Raising doubts about how aggressive the Bank of England will be in tightening monetary policy, British consumer prices jumped to an annual rate of 7.0% in March, the highest since March 1992 and up from 6.2% in February.

Sterling fell to $1.2973 in early London trading, hitting its lowest level against the dollar since November 2020. By 1430 GMT, it had risen 0.13% on the day to $1.3017.

Against the euro, it edged 0.12% higher to 83.19 pence.

In order to tackle inflation, money markets are pricing in a 25 basis points Bank of England interest hike in May. But they lowered their expectations for rate hikes from 144 bps to 137 bps by December on Wednesday, with many strategists expecting the BoE to be less aggressive as the forecasts economic growth will likely slow sharply this year as cost of living pressures mount.
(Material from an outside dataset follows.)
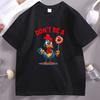 Dont Be A Chicken Lollipop TShirt Funny Pun Humor Tee Bold Sarcastic Graphic Shirt Hilarious Gag Gift Idea for Unisex Women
“We think the BoE will try and strike a balance, raising rates at coming meetings to get policy on a more neutral footing, while keeping a watchful eye on how the consumer is holding up,” said Ambrose Crofton, Global Market Strategist at J.P. Morgan Asset Management.

While traders said it was not clear how aggressive the BoE will be with its monetary policy tightening this year, they ramped up bets that the US central bank will accelerate its interest rate hiking.

“The pound has already slipped below $1.30 against the US dollar and could fall further towards $1.25 if we see further aggressive action by the Federal Reserve,” said Michael Hewson, Chief Market Analyst at CMC Markets UK.